Rabin-Karp Algorithm

String Matching: A string (say txt) and a pattern( smaller string say pat) are given and ask for finding the position of pat in txt. Let the length of txt = n and length of pat is m.

Method 1: Naive Approach

    Traverse string txt from 0 to (n-m+1) and in every round check if part of txt match with pat character by character. The time complexity of this algorithm will be O(m*n).

Method 2: Rabin-Karp algorithm

    In this method, we use a hash function to hash pat and hash part of txt of size m and apply the rolling hash method and is the hash function of part of txt match with pat then check pat and txt character by character.

    Time Complexity: O(n-m+1) Average

    Time Complexity: O(n-m+1) Worst

        eg: txt: a a a a a b    and     pat: a a b

    Let the hashing begin with 1 and end with 26 as:

        hash(a): 1
        hash(b): 2
        -----------
        -----------
        hash(z): 26

        hash(a a a): 1+1+1=3
        hash(a a b): 1+1+2=4
        hash(pattern): 1+1+2=4

        Every we get 'a a a' this means we have 1+1+1=3 as hash(aaa) = 1+1+1=3.
        The hash(pattern) matched to txt as the last position so we check character by character by character. 
            Pattern: a a b
            Text:       a a b
                So we get each character will be the same and at the same position so pat match with txt.
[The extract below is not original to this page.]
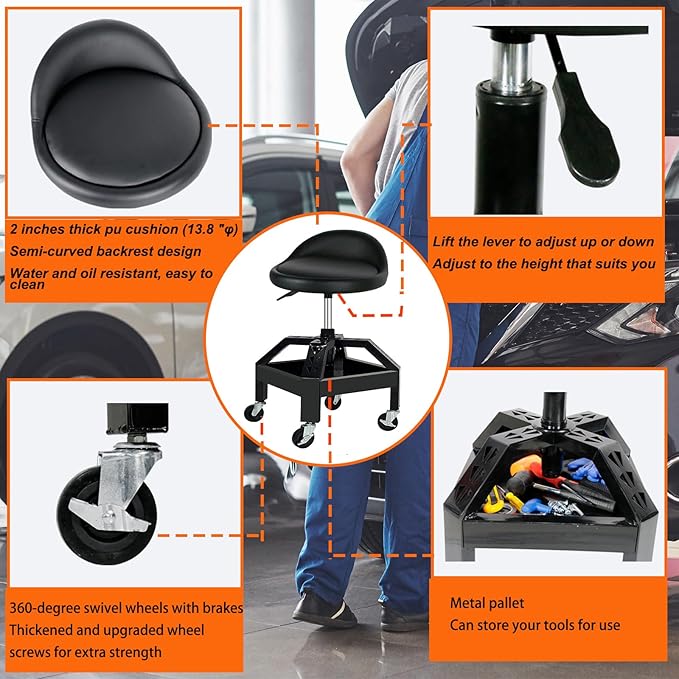 Garage Shop Rolling Seat, Heavy Duty Adjustable Rolling Mechanic Stool - Image 5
    But in the above approach there will be some problem that we will be seen with this example:
        eg: txt: c c a c c a e d b a    and    pat: d b a


        hash(pattern): 4+2+1=7

        hash(c c a): 3+3+1=7    Hash function same but character not matching
        hash(c a c): 3+1+3=7    Hash function same but character not matching
        hash(a c c): 1+3+3=7    Hash function same but character not matching
        hash(c c a): 3+3+1=7    Hash function same but character not matching
        hash(c a a): 3+1+1=5    Hash function not matching
        hash(a a e): 1+1+5=7    Hash function same but character not matching
        hash(a e d): 1+5+4=9    Hash function not matching
        hash(e d b): 5+4+2=11    Hash function not matching
        hash(e d b): 5+4+2=11    Hash function not matching
        hash(d b a): 4+2+1=7    Hash and character matching so we can check char by char
            txt: d b a
            pat: d b a
                so characters also matched so pattern matched to the string. This called spurious hits.
        Here the problem is that in some part of the string, the hash function is equal to the hash function of the pattern but it does not contain the same characters. To remove this problem we can use this method:
        hash(a1 a2 a3): [hash(a1)*pow(k,m-1)] + [hash(a2)*pow(k,m-2)]+ [hash(a1)*pow(k,m-3)]
            where k can be any number greater than range, like in alphabet 26, if the character isn't defined use k=256, for here assume k=10

Rolling hash function: In rolling hashing function we use a window with specific size and find the hash of a part of the string. Now we move window one step ahead, to find the hash value of that we simply remove the first element hash of the previous window and rehash( move all the elements one step left ) and add the last element of a current hash.
        Like in the above example if we have hash(c c a) and we want hash(c a c) we remove the first hash(c) of the old window and last hash(c) of the current window.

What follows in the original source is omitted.